Miscarriage

Miscarriage is defined as pregnancy loss before 24 completed weeks of pregnancy. The occurrence of a miscarriage is a tragic loss for a couple trying to have a child and can be associated with significant psychological problems for the woman, their partner and family. Miscarriage is usually a single occurrence, and often followed by successful pregnancy. Recurrent miscarriage is defined as the loss of three or more consecutive pregnancies. Even after 3 consecutive losses, the chance of a successful pregnancy is over 60%. Most miscarriage occurs within the first 14 weeks of pregnancies. Maternal age and previous number of miscarriages are independent risk factors for a further miscarriage.

Vaginal bleeding is the most common symptom of a miscarriage; the bleeding may be slight spotting but sometimes very heavy with clots.
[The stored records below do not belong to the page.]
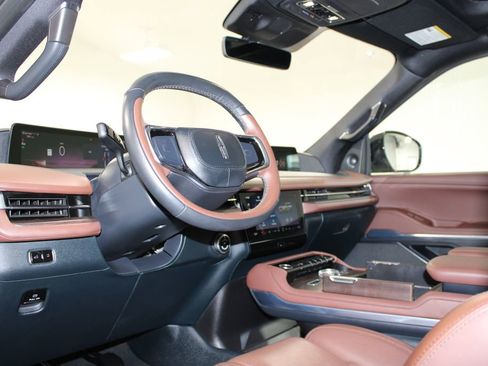 Used 2025 Lincoln Navigator Reserve image 31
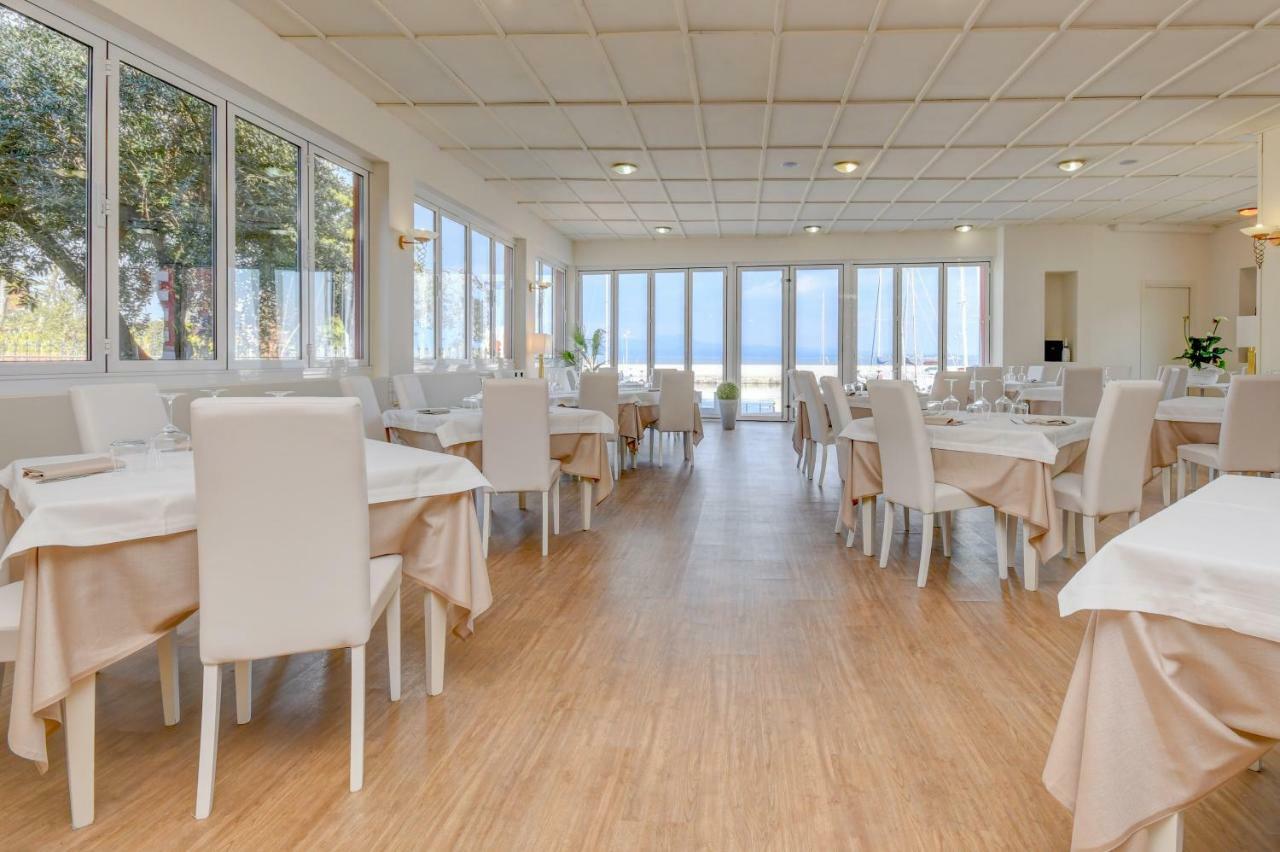 Garuti Village Aparthotel 3*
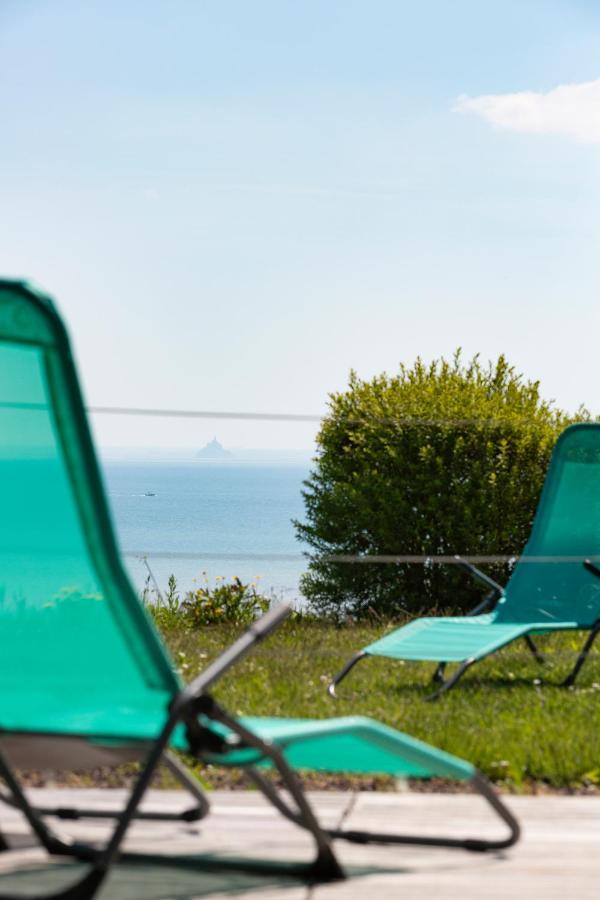 La Métairie du Vauhariot: Seaside Lodge with Heated Pool and Mont Saint-Michel View Cancale Exterior photo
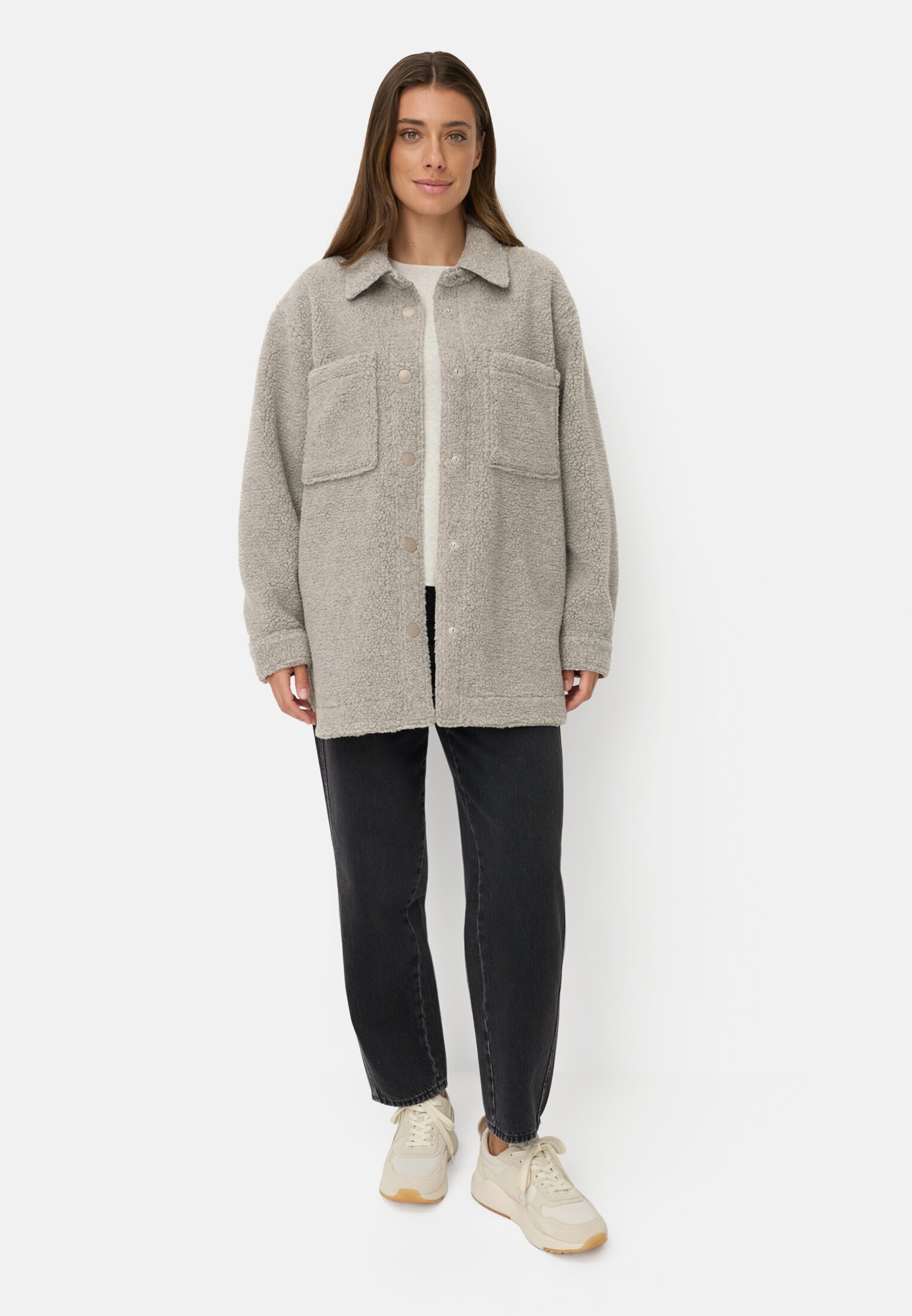 Damen Teddyblazer mit Seitentaschen Beige getragen vorne Ganzkörper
The bleeding is usually followed by crampy lower abdominal pain.


Types of miscarriage (Abortion)

When vaginal bleeding is slight, there is no or mild pain, the cervix is closed and the uterus feels the correct size for date. The diagnosis of "threatened miscarriage" is made. The woman is usually advised bed rest, bleeding and pain may settle down and pregnancy may proceed normally. However, if the bleeding become very heavy, the cervix opens up and the woman complains of intense cramping, the fetus will subsequently pass out; this is called "inevitable abortion". If the fetus and placenta pass out of the womb completely, this is called "complete abortion". If any bits remain inside the cavity of the uterus it is called "incomplete abortion". The patient will then undergo evacuation of retained products of conception (ERPC) under a general anaesthetic. Should any tissue be left in the uterus there is a serious risk of infection. If infection intervenes the term "septic abortion" is used. 
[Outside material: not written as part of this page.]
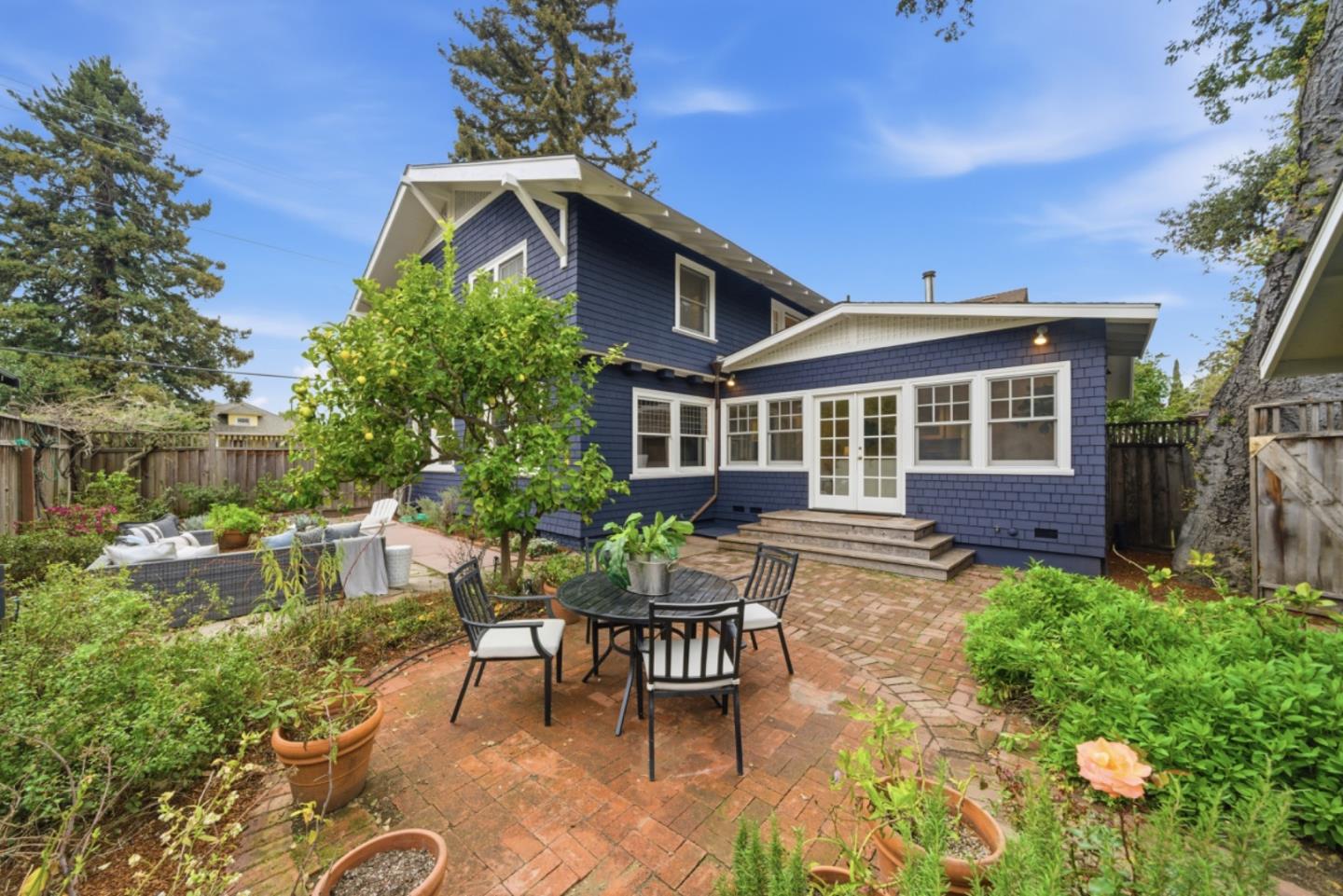 Detail Gallery Image 33 of 48 For 1085 Emerson St, Palo Alto,  CA 94301 - 4 Beds | 4 Baths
Sometimes, the fetus dies in the womb but not expelled, and the term "missed abortion" is used.The diagnosis of all these kinds of miscarriage is made by ultrasound scan, this may show an empty sac, viable pregnancy, retained pregnancy tissue or a dead baby. If the patient has a positive pregnancy test but there are no signs of a pregnancy on the scan, this is called “pregnancy of unknown location”. A repeat scan after 7-10 days is necessary to make the diagnosis (RCOG Guidelines)
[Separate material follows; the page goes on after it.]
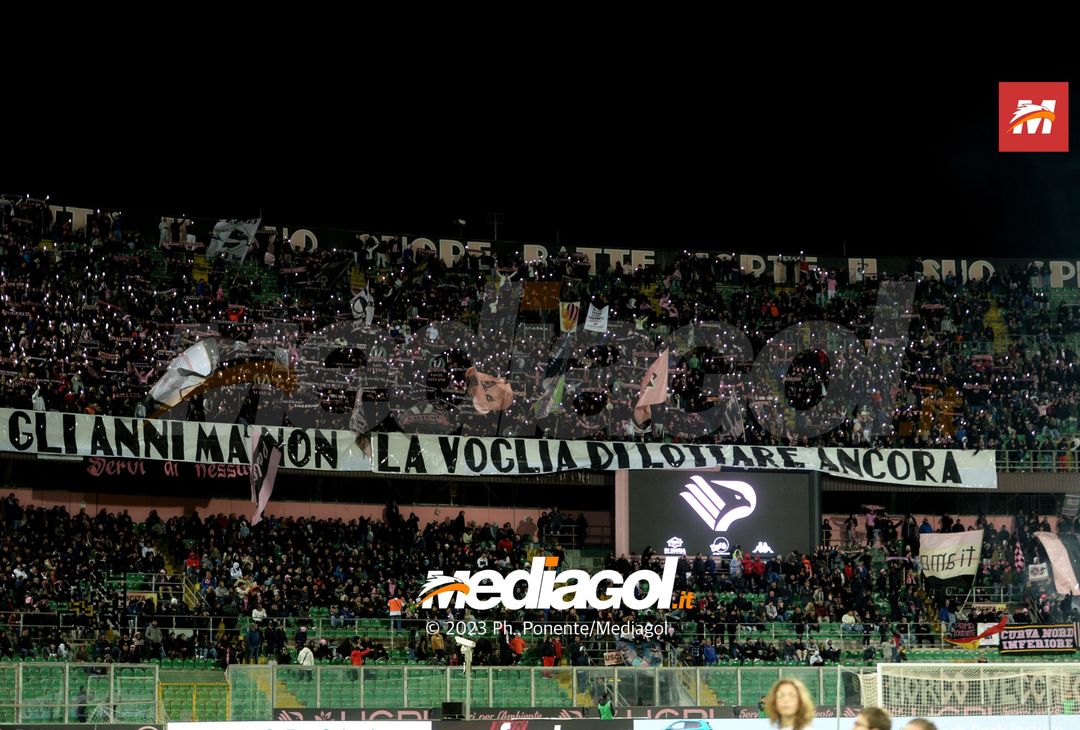 FOTO Palermo-Cosenza 0-0, 32ª giornata di Serie B 2022-2023 (La Gallery) - immagine 12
If the scan shows a gestational sac that is less than 20 mm in diameter and with no obvious yolk sac or a fetus or the scan shows a fetus less than 6 mm in length and no obvious fetal heart beating, this is called “pregnancy of uncertain viability”. A repeat scan after 7-10 days is necessary to make the diagnosis (RCOG Guidelines).

 

Management of miscarriage

• Surgical evacuation of miscarriage and routine examination of evacuated products of conception (called suction curettage) is the norm. It is the most effective method of ensuring complete evacuation of retained products of conception. Surgical evacuation is also the method of choice when bleeding is excessive or infected tissues are present in the womb cavity. Surgical evacuation provides a rapid resolution of the problem but is associated with a 2% risk of perforation of uterus.

• Medical evacuation with drugs to aid expulsion of retained products is an effective alternative in selected cases. Medical management use a drug called prostaglandin analogue (misoprostol), with or without another drug called Mifepristone (also known as RU486) which blocks pregnancy hormones. The drugs are given orally or vaginally. Approximately 10% of patients treated medically will need surgical intervention to evacuate retained products of conception.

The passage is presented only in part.